A decisão sobre o sistema de dados do Gabinete de Arrecadação foi tomada porque aquele gabinete já estava, de fato, sob controle de gente da "troika", quer dizer, do FMI, do Banco Central Europeu e da Comissão Europeia.
Fato é, portanto, que quem cometeu ato de Alta Traição, ao admitir que (não uma, mas várias) potências estrangeiras assumissem o comando da arrecadação do governo grego, foi António Samaras, primeiro-ministro conservador derrotado nas eleições do dia 25 de janeiro. Ele e só ele é responsável integralmente por tudo que então aconteceu.

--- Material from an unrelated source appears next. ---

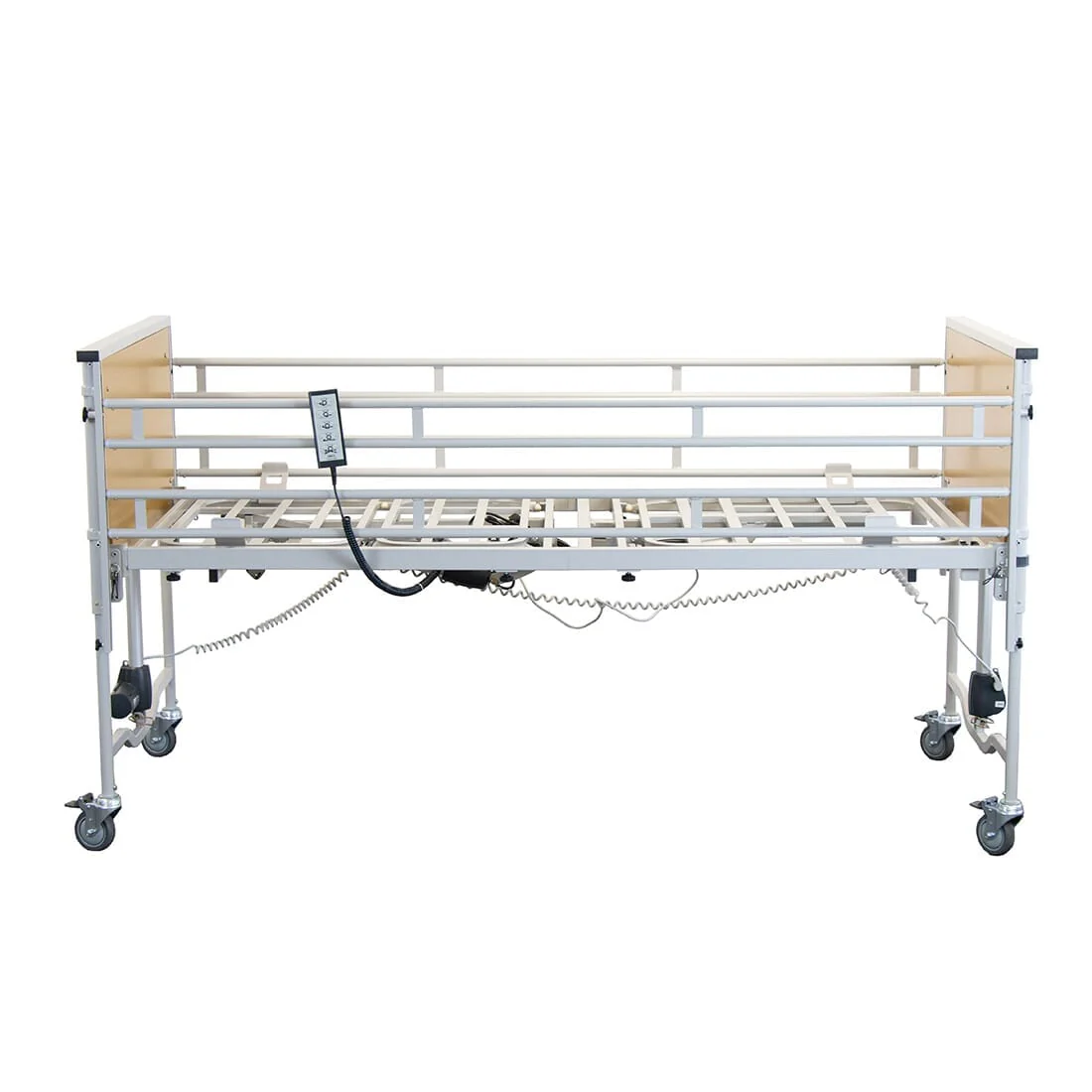 2 Bar Steel Side Rails for NRS Profiling Bed - Image 3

A decisão de Varoufakis visava a implementar sistema de pagamentos paralelo, que permitiria ao governo grego escapar do bloqueio dos bancos organizado pelo Banco Central Europeu, desde o final do mês de junho 2015. O sistema de pagamentos concebido por Varoufakis era medida necessária, para evitar a destruição do sistema bancário grego provocada por ação do Banco Central Europeu. Essa ação ilegal do BCE pôs em risco todo o sistema bancário, quando uma das missões daquele banco,bem claramente exposta na carta de fundação do Banco Central Europeu, é precisamente garantir o bom e regular funcionamento desse sistema bancário.

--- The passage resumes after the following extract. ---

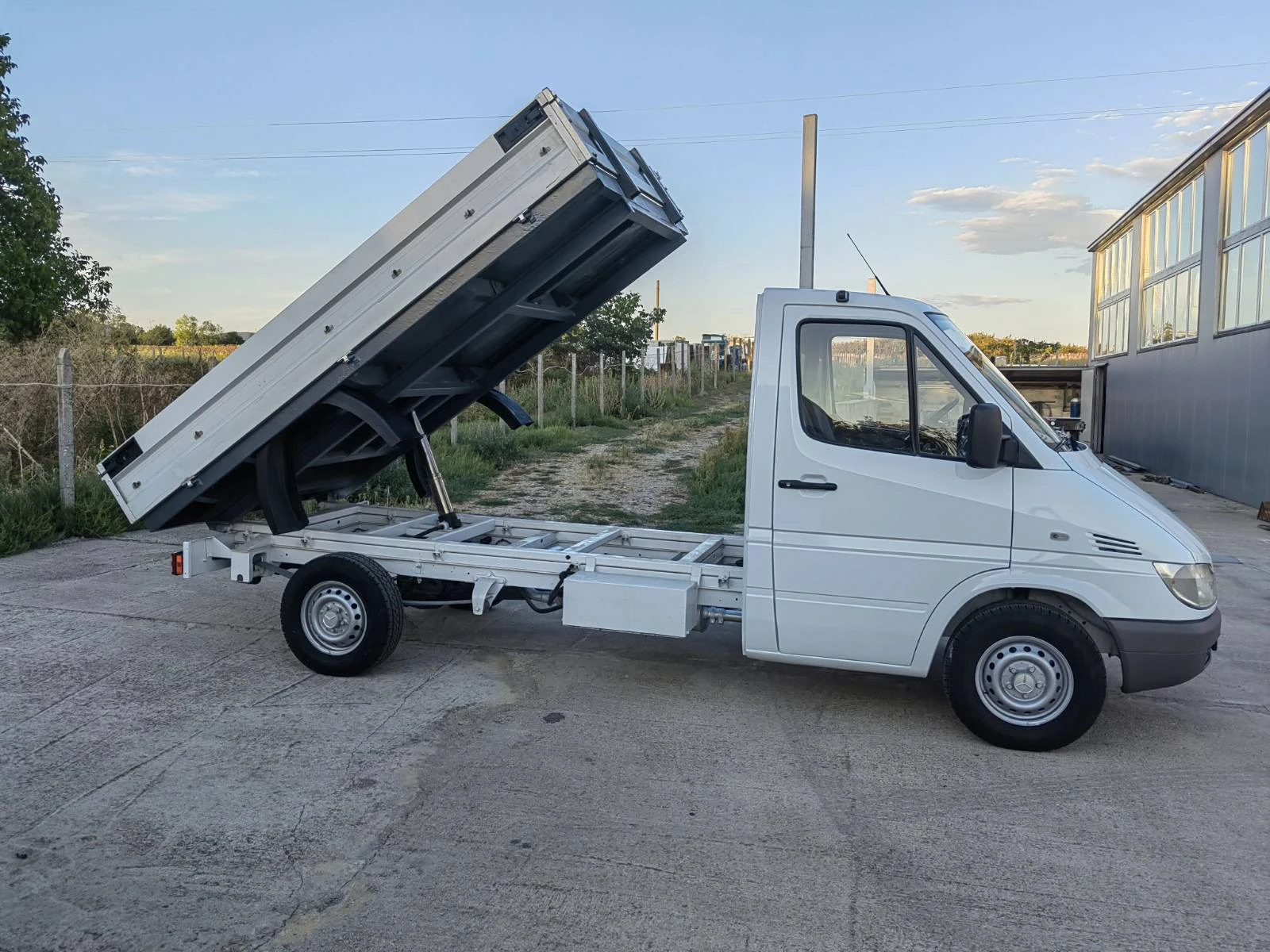 Mercedes-Benz Sprinter 308 CDI, снимка 3 - Бусове и автобуси - 55958142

Se Yanis Varoufakis devesse ser acusado, seria lógico e justo que o presidente do Banco Central Europeu, M. Draghi, e o presidente do Eurogrupo, M. Dijsselbloem, também fossem acusados.
É verdade que esse sistema paralelo de pagamento poderiatambém permitir passagem mais rápida do euro para a dracma, mas Varoufakis, conforme declarou, noticiado por The Telegraph, considerava essa uma última e extrema possibilidade.
Acusação absurda
Indiciar o ministro Varoufakis é, portanto, ato absurdo. O fato de Varoufakis estar sendo defendido por personalidades como Mohamed El-Erian, economista-chefe do grupo Allianz e presidente de um colegiado de economistas especialistas que trabalham na equipe do presidente Obama dos EUA, mostra eloquentemente que o que Varoufakis fez ele o fez considerando o superior bem do Estado ao qual servia como ministro de Finanças.
O indiciamento de Varoufakis, se acontecer, será ato de pura violência política e de vingança, das autoridades europeias, contra homem que ousou, apoiado no voto da maioria de seu povo, desafiá-las. O indiciamento, se vier a confirmar-se, só será possível com a cumplicidade de Alexis Tsipras, que nesse caso teria abandonado seu ministro e estaria fugindo às suas específicas responsabilidades como presidente.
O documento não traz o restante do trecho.